**Input data**
- - -

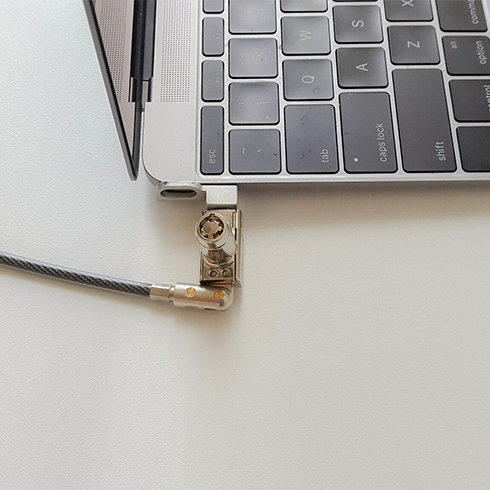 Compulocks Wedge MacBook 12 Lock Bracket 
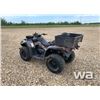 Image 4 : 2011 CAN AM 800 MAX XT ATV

- - -

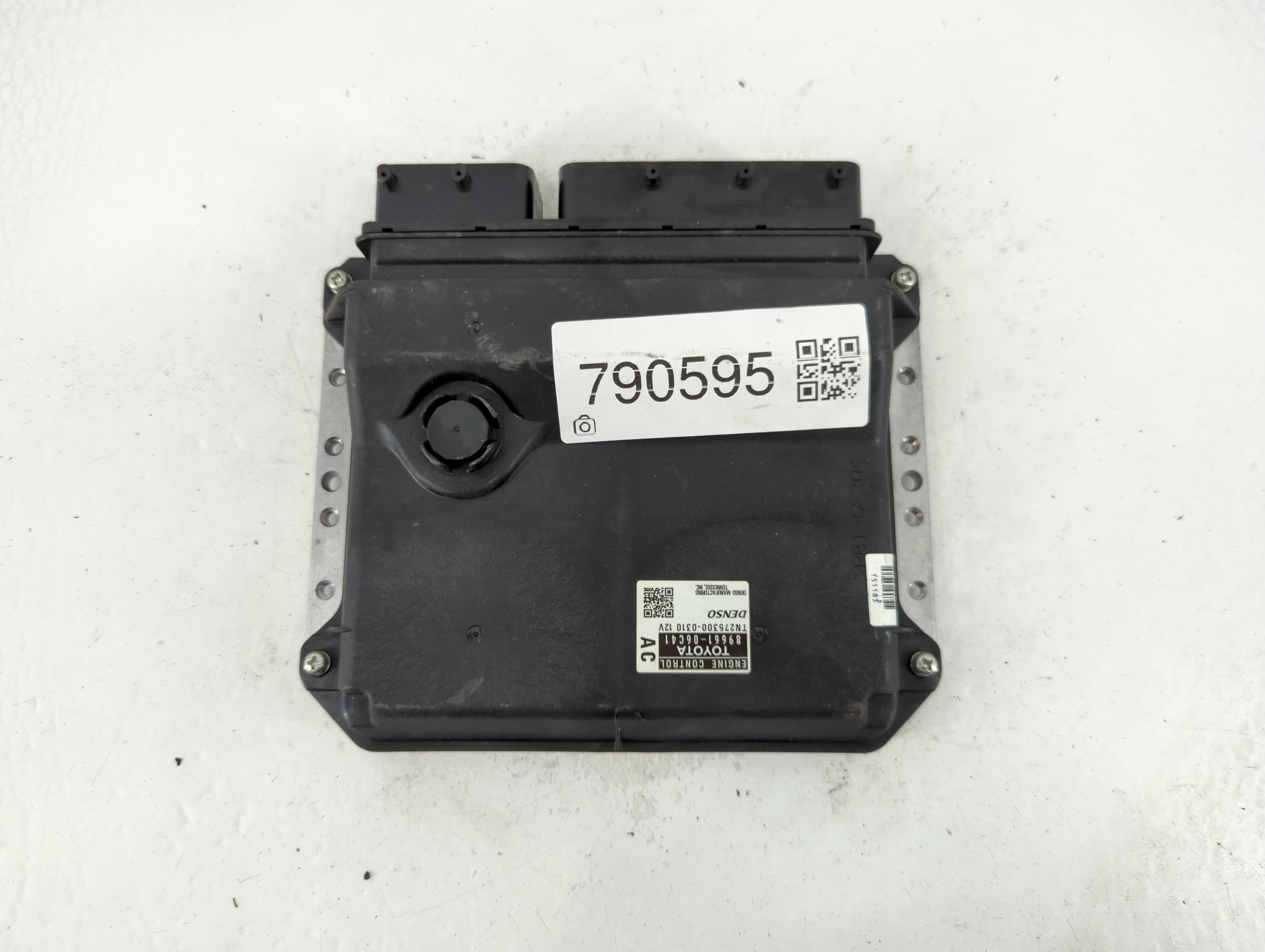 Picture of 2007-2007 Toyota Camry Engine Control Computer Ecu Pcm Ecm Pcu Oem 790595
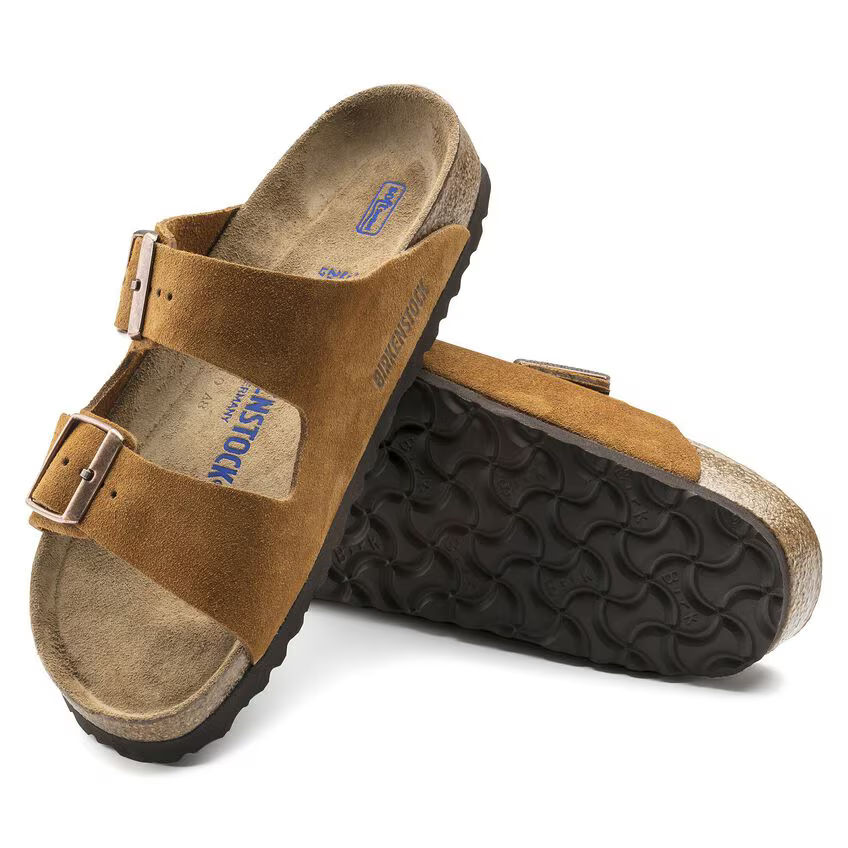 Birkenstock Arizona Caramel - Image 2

- - -

**Required action**
Leaving pictures out, output the lines of the data above from the one with "Compulocks Wedge MacBook 12 Lock Bracket" through the one with "Image 4 : 2011 CAN AM 800 MAX XT ATV", word for word.

**Solved problem**
 Compulocks Wedge MacBook 12 Lock Bracket 
 Image 4 : 2011 CAN AM 800 MAX XT ATV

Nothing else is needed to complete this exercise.